Power generating plants, such as one operating a combined cycle power plant are well known for generating electricity. Combined cycle power plants use both gas and steam turbines. In such a plant, the power produced by a combustion turbine may be augmented by injecting steam or water into the gas flow path.
In general, the amount of power produced in the combustion turbine through such power augmentation is greater than the amount lost in the steam cycle due to the removal of steam. Power augmentation uses an appreciable quantity of steam generated from the heat recovery steam generator. When steam is removed for power augmentation, it is necessary to supply an equivalent amount of water as ‘make-up’ to the steam cycle. The make-up water is typically fully oxygenated in equilibrium with the oxygen in air. The concentration of oxygen in the make-up water is higher than that required in the feedwater to the heat recovery steam generator. Thus, there is a need to remove oxygen from the make-up water.
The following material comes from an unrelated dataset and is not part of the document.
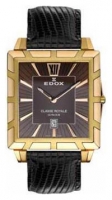 Edox 27029-37RBRIR watch, watch Edox 27029-37RBRIR, Edox 27029-37RBRIR price, Edox 27029-37RBRIR specs, Edox 27029-37RBRIR reviews, Edox 27029-37RBRIR specifications, Edox 27029-37RBRIR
Removal of oxygen from make-up water for deaerating is typically accomplished by spraying the make-up water into a deaerator in the condenser then transferring the deaerated make-up water to a hotwell. In the deaerator, steam may be used to strip the oxygen from the water. At low make-up water flow volumes, low-pressure exhaust steam may be used for stripping in the deaerator. However, at higher make-up water flow volumes, low-pressure steam from the heat recovery steam generator may be required for the deaerator to function properly. Using low-pressure steam to deaerate higher flow volumes of make-up water may significantly reduce the steam turbine power output thereby reducing the overall efficiency of the power plant.